3. They’re smelly! I hear that they often smell of fish sticks and cabbage that has sat in the sun for a bit too long.

Uh, maybe if you never bathe. Mine smells like honeysuckle, cinnamon and baby unicorns.

4. Yeast infections! I’m not even sure what a yeast infection is … but ew! Wash that thing out once and a while!

Men get yeast infections too. I’ve never had one. But then, I don’t bake bread in my vagina.

5. Periods! Menstrual cycle? Yuck! Why is there blood dripping out of your vagina? If it’s bleeding, then maybe you should just let it die!

Oh, but periods are so much fun. Cramps, bloating, mood swings, fatigue…maybe you’re just jealous. Too bad they only last 38 years on average (more or less).

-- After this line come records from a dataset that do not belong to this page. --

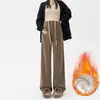 Calça de Maternidade Roupa Externa Outono/Inverno Com Pelúcia Sem Apertar na Barriga para Pessoas Baixas Tamanho Grande Perna Larga Calça Longa Roupa de Maternidade Roupas de Outono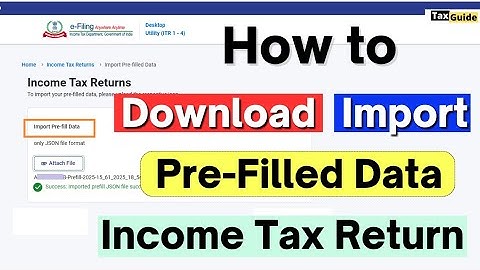 ITR Pre-Filled Data File Download | Prefilled Data | Import Pre-Filled Data JSON file In ITR Utility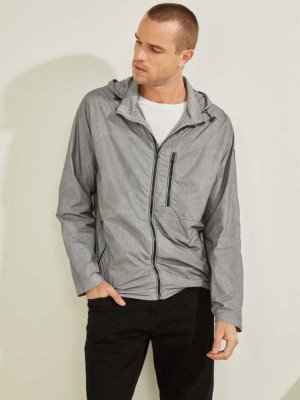 Grey Guess Denver Reflective Men's Windbreaker | 9074-OVSQW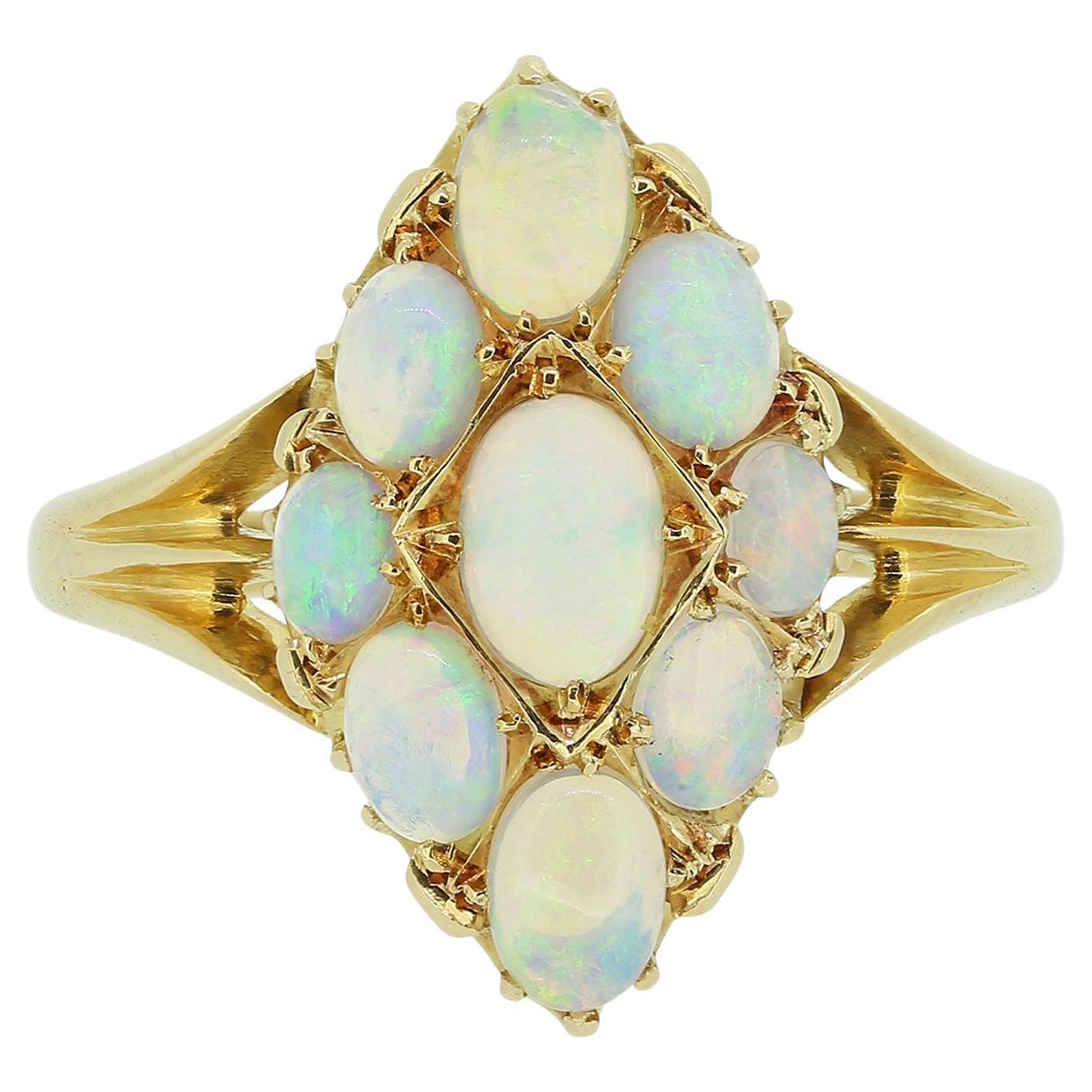 Edwardian Opal Navette Ring For Sale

6. Babies come out of them! WTF! How does a freak’n baby fit through that hole? That’s disgusting!

It’s the circle of life Adam! Actually I’m surprised you don’t think babies come from storks or cabbage patches. And disgusting? Perhaps (and don’t forget painful).

7. The clitoris. Straight guys can’t find it … I don’t even know what it is! And upon research … is it just a tiny penis?

For some straight guys this is very true. And very sad. Tragic even.

8. Queefs? My dick never farts … why are there farts coming from your frontside?

Ask Oprah. She seems pretty excited about hers.

9. How do they work? Where does the penis go? Where does the pee come out of? Can Google Maps help me? Please?

Google Maps is not going to help. Try Wikipedia.

10. It’s not a penis! ‘Nuff said!

Can’t argue with that. But, like it or not, the vagina is here to stay. So perhaps we should stop looking at the vagina as an object of horror and instead, embrace this misunderstood bit of anatomy with open arms.